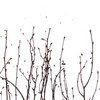 birch grove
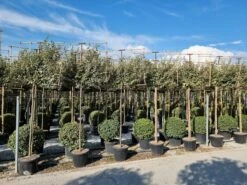 Olijfwilg Als Leiboom (Elaeagnus Ebbingei)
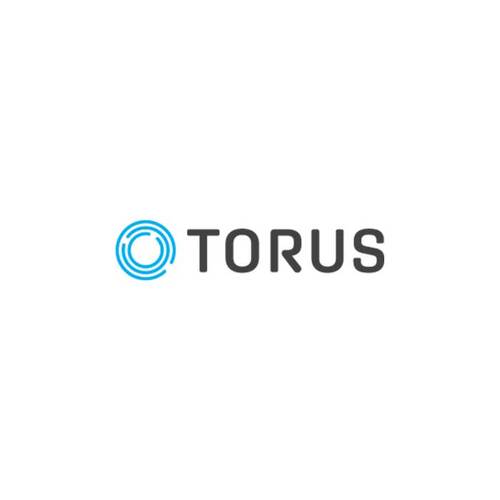 Torus TRS-S-20-001 Spare Control Unit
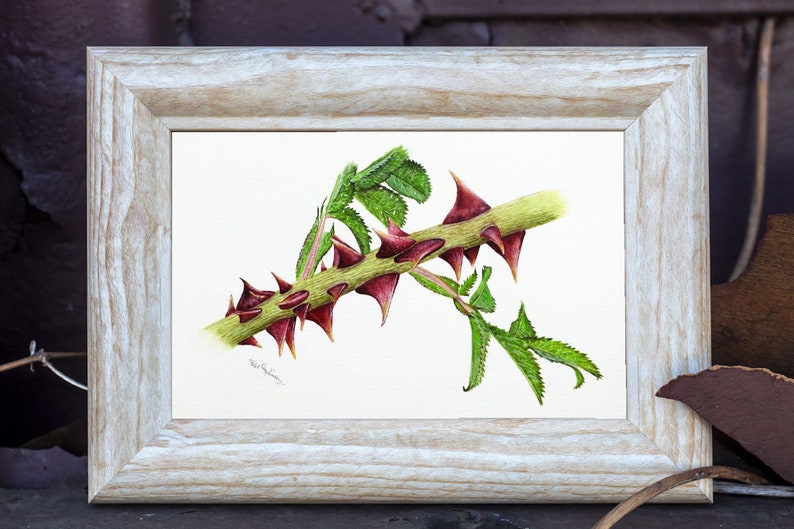 The botanical painting in a white wooden frame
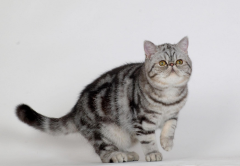 �����ëè��ʲô��Ӫ������ôι��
• • • • • • •
▸ Task prompt: Would you give again exactly the lines from the line containing "Torus TRS-S-20-001 Spare Control Unit" through the end of the listing, both ends included, without any pictures?

▸ Response box:
 Torus TRS-S-20-001 Spare Control Unit
 The botanical painting in a white wooden frame
 �����ëè��ʲô��Ӫ������ôι��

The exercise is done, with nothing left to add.